In answering that question, it is helpful to remember the administration’s history of conveniently timing the release of sensational terror threats. Think back to June 2002: As fbi whistleblower Coleen Rowley was set to testify before the Senate on pre-9/11 intelligence failures, John Ashcroft suddenly rigged up a satellite feed from Moscow to announce the arrest of Jose Padilla, which had actually occurred a month earlier. Ashcroft’s stunt successfully preempted Rowley’s testimony on many networks. Even today, it’s not uncommon for a terror threat to pop up just as the administration faces a political or pr challenge. (See “Wag the dhs,” below.)

Wag the DHS

incident, date

what they announced


Blue Alert #1

Al Qaeda “moving forward” with plans for large-scale U.S. attacks.

Two days after Kerry’s VP pick produces bump in polls

Blue Alert #2

Arrest of terrorist Ahmed Khalfan Ghailani, nabbed 5 days earlier.

Day after John Kerry’s convention speech

Blue Alert #3

Pending attacks on nyc banks. Threat level raised to orange.

Just after Democratic convention

Sears Tower

fbi chief tells Larry King of Black Muslim plot against tower; later calls plot merely “aspirational.”

Day that nyt reports government searching Americans’ bank records.

Holland Tunnel

Plot to blow up nyc tunnel; arrest made more than 2 months prior.

Anniversary of London bombing

Chertoff’s Gut
Summer ’07

dhs head says he has a bad feeling; cheese bomb threats leaked two weeks later.

Day that Bush dusts off Iraq-9/11 “link” to boost support for surge.

So it’s worth noting that the very afternoon that the tsa memo was leaked, President Bush had delivered a speech at the Charleston Air Force Base in South Carolina with the hope of ginning up support for the Iraq War. Chief among his new arguments was that Al Qaeda in Iraq was little more than a front for bin Laden’s Al Qaeda and, thus, withdrawal of our troops would threaten American security: “The facts are that Al Qaeda terrorists killed Americans on 9/11; they’re fighting us in Iraq and across the world, and they are plotting to kill Americans here at home again.” The White House characterized the speech as a “surge of facts,” though congressional Democrats were quick to point out that, in fact, the president had declined to provide details on the basis for his claims. Senator John Kerry said that Bush was simply “trying to scare the American people” into supporting the war.

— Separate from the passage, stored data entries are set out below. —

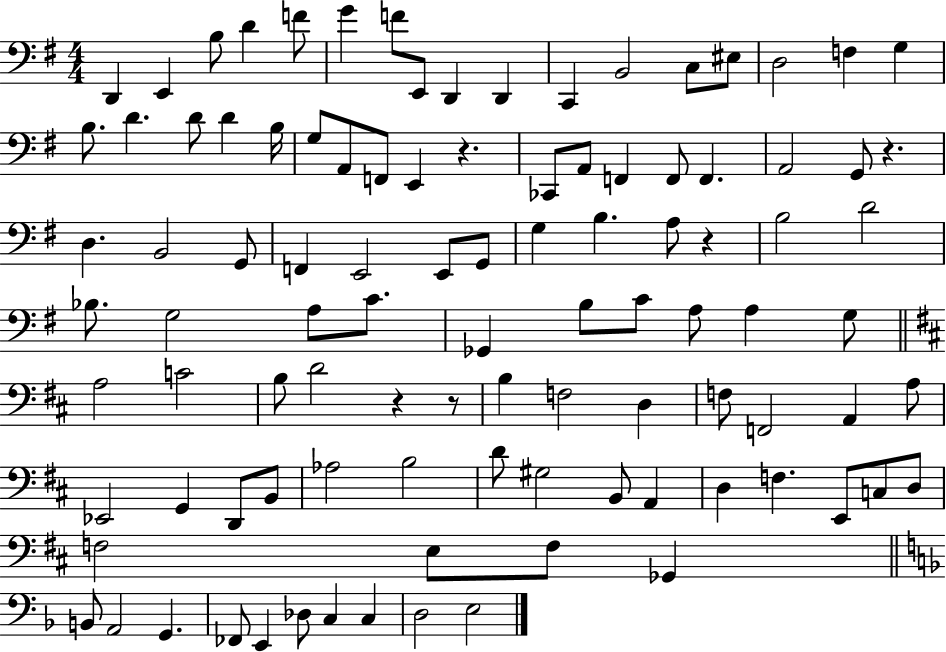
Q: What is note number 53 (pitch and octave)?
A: A3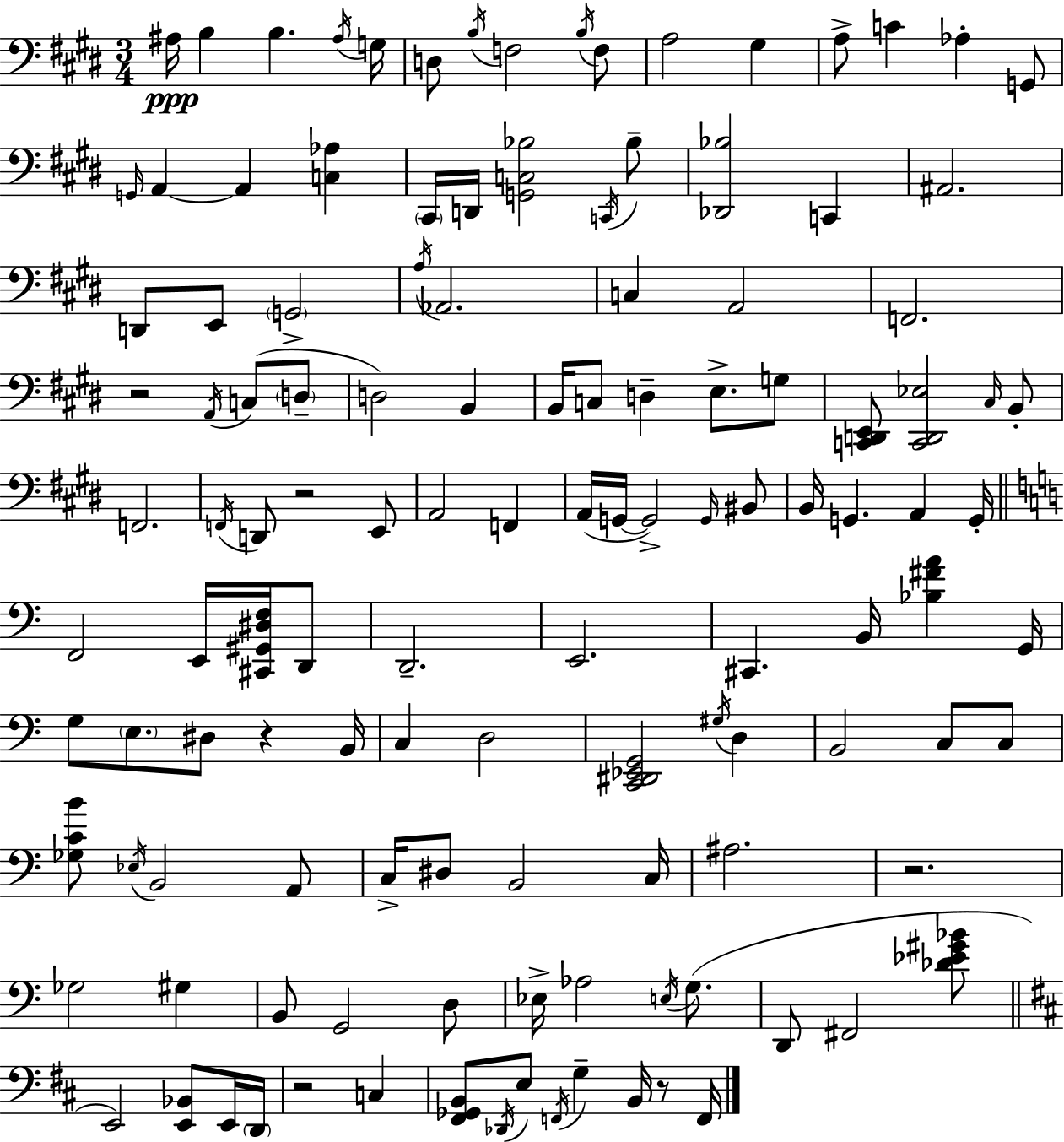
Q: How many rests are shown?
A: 6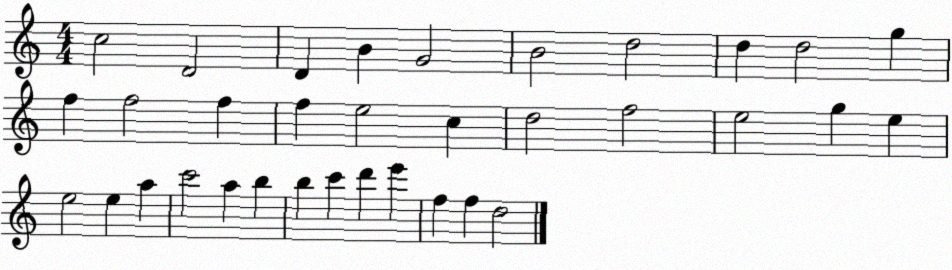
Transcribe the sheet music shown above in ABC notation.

X:1
T:Untitled
M:4/4
L:1/4
K:C
c2 D2 D B G2 B2 d2 d d2 g f f2 f f e2 c d2 f2 e2 g e e2 e a c'2 a b b c' d' e' f f d2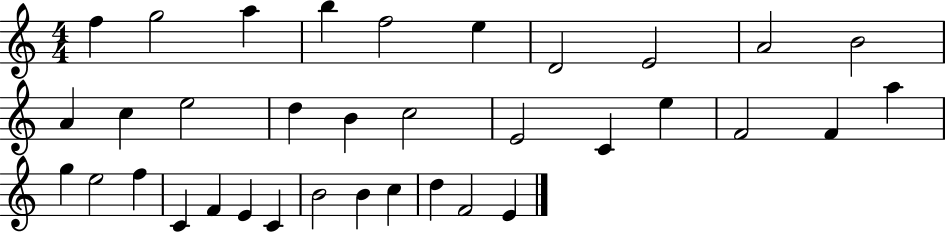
{
  \clef treble
  \numericTimeSignature
  \time 4/4
  \key c \major
  f''4 g''2 a''4 | b''4 f''2 e''4 | d'2 e'2 | a'2 b'2 | \break a'4 c''4 e''2 | d''4 b'4 c''2 | e'2 c'4 e''4 | f'2 f'4 a''4 | \break g''4 e''2 f''4 | c'4 f'4 e'4 c'4 | b'2 b'4 c''4 | d''4 f'2 e'4 | \break \bar "|."
}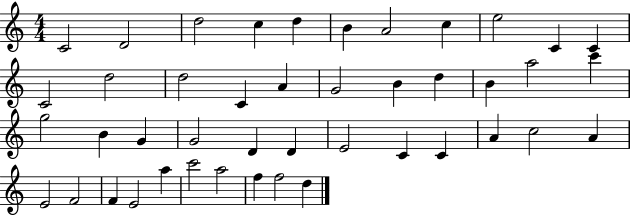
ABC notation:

X:1
T:Untitled
M:4/4
L:1/4
K:C
C2 D2 d2 c d B A2 c e2 C C C2 d2 d2 C A G2 B d B a2 c' g2 B G G2 D D E2 C C A c2 A E2 F2 F E2 a c'2 a2 f f2 d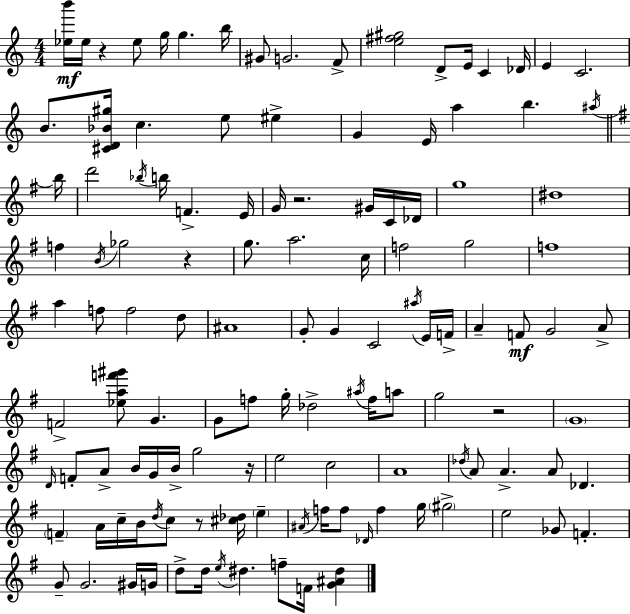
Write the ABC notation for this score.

X:1
T:Untitled
M:4/4
L:1/4
K:C
[_eb']/4 _e/4 z _e/2 g/4 g b/4 ^G/2 G2 F/2 [e^f^g]2 D/2 E/4 C _D/4 E C2 B/2 [^CD_B^g]/4 c e/2 ^e G E/4 a b ^a/4 b/4 d'2 _b/4 b/4 F E/4 G/4 z2 ^G/4 C/4 _D/4 g4 ^d4 f B/4 _g2 z g/2 a2 c/4 f2 g2 f4 a f/2 f2 d/2 ^A4 G/2 G C2 ^a/4 E/4 F/4 A F/2 G2 A/2 F2 [_eaf'^g']/2 G G/2 f/2 g/4 _d2 ^a/4 f/4 a/2 g2 z2 G4 D/4 F/2 A/2 B/4 G/4 B/4 g2 z/4 e2 c2 A4 _d/4 A/2 A A/2 _D F A/4 c/4 B/4 d/4 c/2 z/2 [^c_d]/4 e ^A/4 f/4 f/2 _D/4 f g/4 ^g2 e2 _G/2 F G/2 G2 ^G/4 G/4 d/2 d/4 e/4 ^d f/2 F/4 [G^A^d]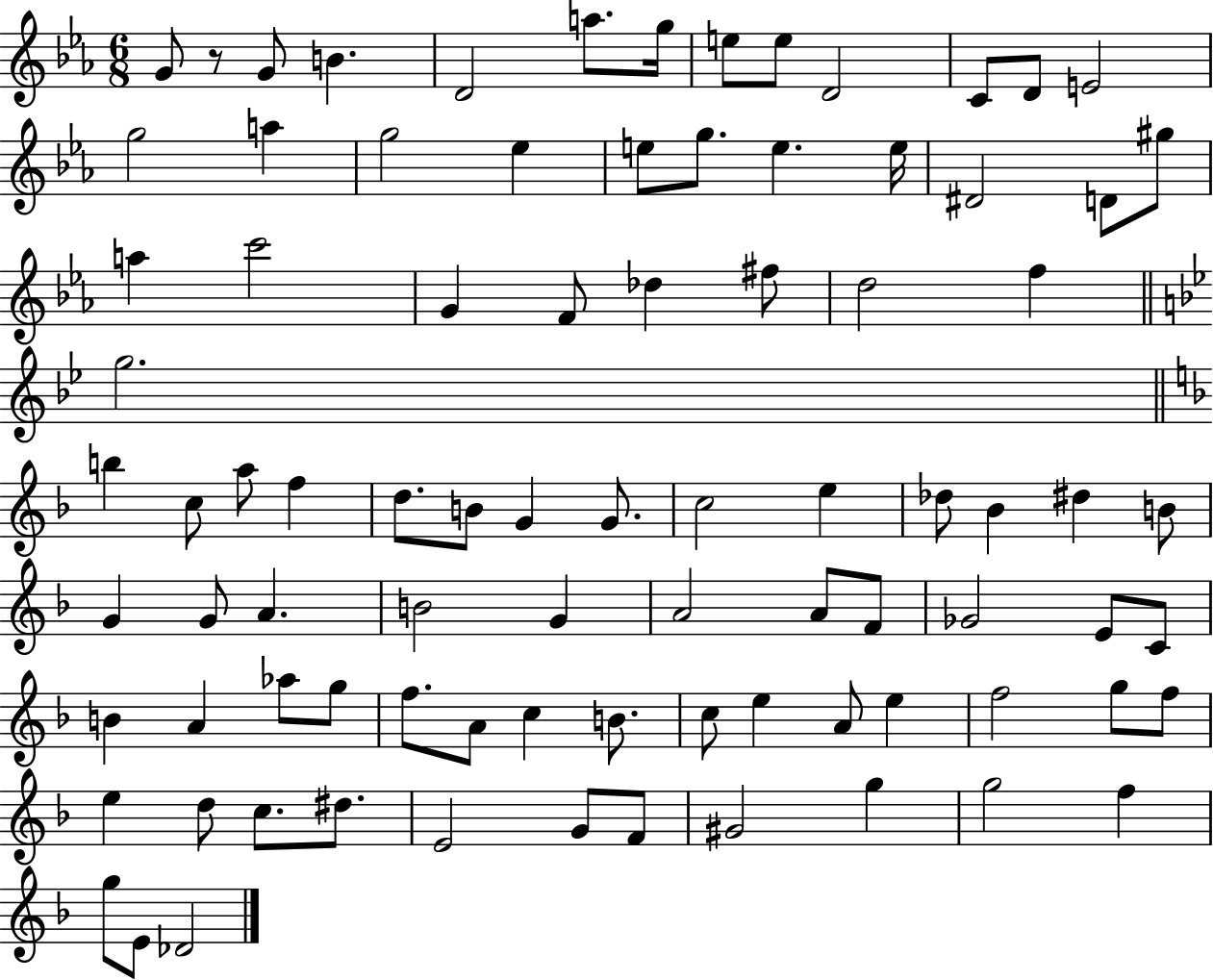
X:1
T:Untitled
M:6/8
L:1/4
K:Eb
G/2 z/2 G/2 B D2 a/2 g/4 e/2 e/2 D2 C/2 D/2 E2 g2 a g2 _e e/2 g/2 e e/4 ^D2 D/2 ^g/2 a c'2 G F/2 _d ^f/2 d2 f g2 b c/2 a/2 f d/2 B/2 G G/2 c2 e _d/2 _B ^d B/2 G G/2 A B2 G A2 A/2 F/2 _G2 E/2 C/2 B A _a/2 g/2 f/2 A/2 c B/2 c/2 e A/2 e f2 g/2 f/2 e d/2 c/2 ^d/2 E2 G/2 F/2 ^G2 g g2 f g/2 E/2 _D2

Within hours, nbc and cnn had the internal tsa memo in hand and were reporting it—without checking any of its claims. You would think that after being fooled by tales of mobile weapons labs, yellowcake uranium, and aluminum tubes, the media would treat such tales with a bit more skepticism. This memo never should have passed the sniff test; why on earth would tsa release cheese bombers it believed to be Al Qaeda and allow them to continue on their merry way?

A single day of real reporting would have revealed holes in the initial memo and prevented widespread reports of an impending attack. It also should have raised more serious questions—still unanswered—about who authored the memo, who leaked it, and why. But the closest anyone came to a mea culpa was cnn Saturday Morning anchor T.J. Holmes, who kicked off the July 28 broadcast by saying, “You should remember all that talk earlier this week about the terrorist dry runs at airports here in the U.S. Well, just kidding!”